E qui, se la compassione è il linguaggio di Dio, tante volte il linguaggio umano è l'indifferenza.

Farsi carico fino a qui e non pensare oltre: l'indifferenza ».

« Uno dei nostri fotografi dell'Osservatore Romano - ha ricordato il Papa - ha scattato una foto, che adesso è nell'Elemosineria, che si chiama "Indifferenza".

Ne ho parlato altre volte, di questo.

Una notte d'inverno, davanti a un ristorante di lusso, una signora che vive sulla strada tende la mano a un'altra signora che esce, ben coperta, dal ristorante, e quest'altra signora guarda da un'altra parte.

Questa è l'indifferenza.

Andate a guardare quella fotografia: questa è l'indifferenza.

La nostra indifferenza.

Quante volte guardiamo da un'altra parte …

E così chiudiamo la porta alla compassione ».

A questo proposito il Pontefice ha proposto « un esame di coscienza: Io abitualmente guardo da un'altra parte?

O lascio che lo Spirito Santo mi porti sulla strada della compassione?

Che è una virtù di Dio … ».

« E alla fine - ha detto ancora Francesco - c'è una parola che a me ha toccato, quando ho pregato con il Vangelo, oggi.

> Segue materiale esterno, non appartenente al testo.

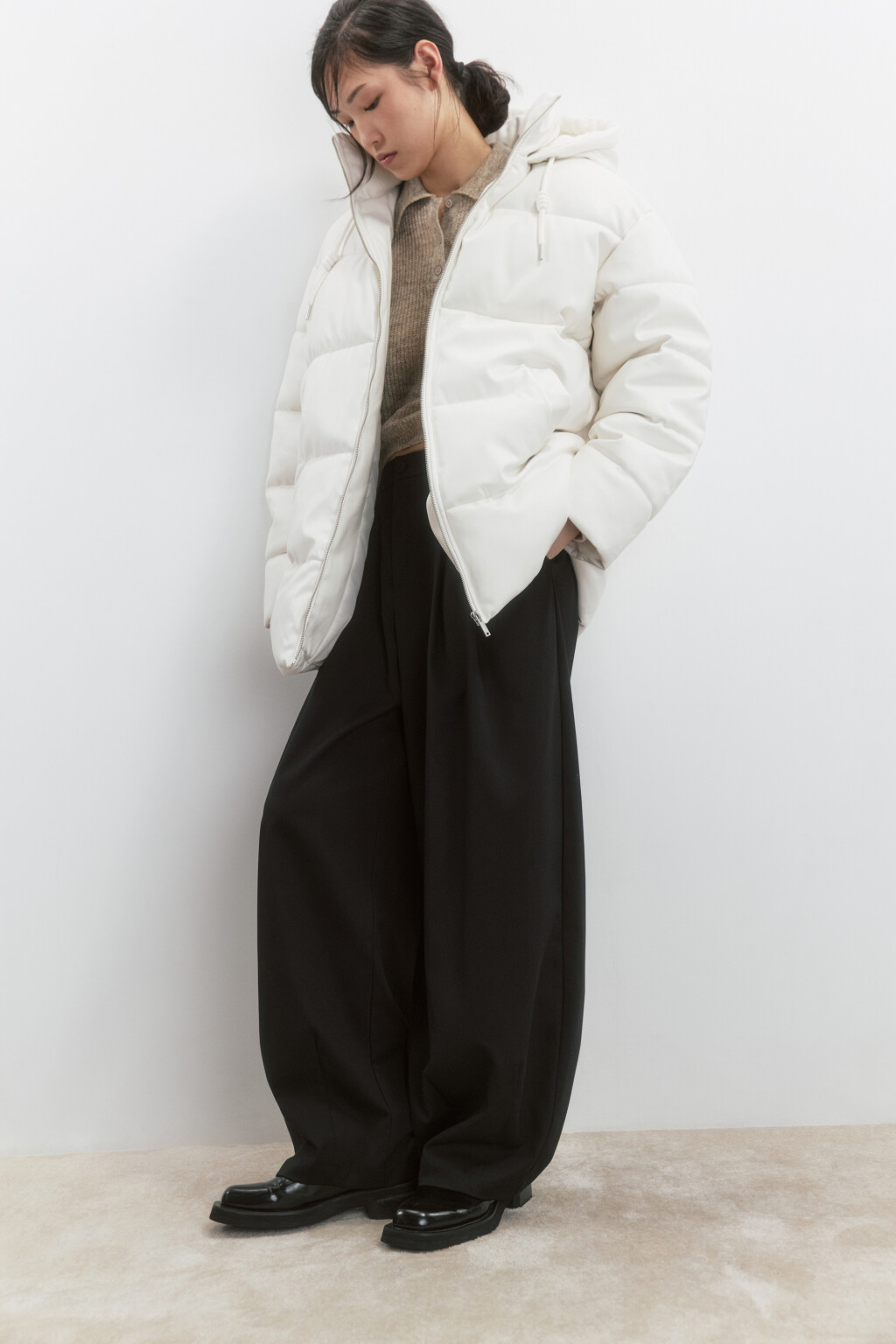 Куртка из искусственной кожи с капюшоном - цвет молочный - 1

Gesù dice alla mamma: "Non piangere", una carezza di compassione; si avvicinò e toccò la bara.

Si fermarono i portatori.

E poi disse al ragazzo: "Dico a te: alzati!".

Il morto si mise seduto e incominciò a parlare.

E come finisce?

"Ed Egli lo restituì a sua madre".

Lo restituì: un atto di giustizia.

Questa parola si usa in giustizia: restituire.

La compassione ci porta sulla via della vera giustizia.

Sempre bisogna restituire a coloro che hanno un certo diritto, e questo ci salva sempre dall'egoismo, dall'indifferenza, dalla chiusura di noi stessi ».

Il Papa ha così concluso la sua meditazione: « Continuiamo l'Eucaristia di oggi con questa parola: "Il Signore fu preso da grande compassione".

Che Lui abbia anche compassione di ognuno di noi: ne abbiamo bisogno ».